### TASK MATERIAL
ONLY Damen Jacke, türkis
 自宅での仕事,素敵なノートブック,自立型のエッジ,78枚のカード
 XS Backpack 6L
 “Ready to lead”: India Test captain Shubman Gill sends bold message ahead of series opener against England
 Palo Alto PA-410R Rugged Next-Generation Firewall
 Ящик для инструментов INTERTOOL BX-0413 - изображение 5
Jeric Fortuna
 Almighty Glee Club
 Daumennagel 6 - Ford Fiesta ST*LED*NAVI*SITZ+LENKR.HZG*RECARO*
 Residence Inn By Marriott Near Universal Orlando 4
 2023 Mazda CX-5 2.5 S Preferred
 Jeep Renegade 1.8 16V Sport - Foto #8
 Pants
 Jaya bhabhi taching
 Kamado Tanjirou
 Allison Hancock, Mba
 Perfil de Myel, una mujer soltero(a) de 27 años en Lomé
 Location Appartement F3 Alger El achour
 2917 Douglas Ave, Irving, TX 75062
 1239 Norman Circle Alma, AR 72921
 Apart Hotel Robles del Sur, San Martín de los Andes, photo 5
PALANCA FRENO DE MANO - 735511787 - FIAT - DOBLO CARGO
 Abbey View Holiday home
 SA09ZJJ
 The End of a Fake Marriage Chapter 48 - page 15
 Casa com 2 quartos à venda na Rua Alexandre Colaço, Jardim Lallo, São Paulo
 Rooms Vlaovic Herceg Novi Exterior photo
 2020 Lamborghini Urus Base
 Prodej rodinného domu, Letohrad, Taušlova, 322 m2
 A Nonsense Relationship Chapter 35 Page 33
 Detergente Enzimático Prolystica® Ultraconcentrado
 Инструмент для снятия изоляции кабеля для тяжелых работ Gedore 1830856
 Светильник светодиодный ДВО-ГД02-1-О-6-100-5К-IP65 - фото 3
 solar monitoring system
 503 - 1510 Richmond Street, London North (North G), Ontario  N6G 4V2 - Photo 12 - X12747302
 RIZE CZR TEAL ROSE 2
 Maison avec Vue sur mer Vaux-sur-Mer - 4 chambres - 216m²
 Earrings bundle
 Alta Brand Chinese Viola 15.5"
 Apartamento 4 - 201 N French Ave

### WORK TO BE COMPLETED
Working through the records above, copy each line in which "Chapter" is found.

### PROBLEM SOLUTION
 The End of a Fake Marriage Chapter 48 - page 15
 A Nonsense Relationship Chapter 35 Page 33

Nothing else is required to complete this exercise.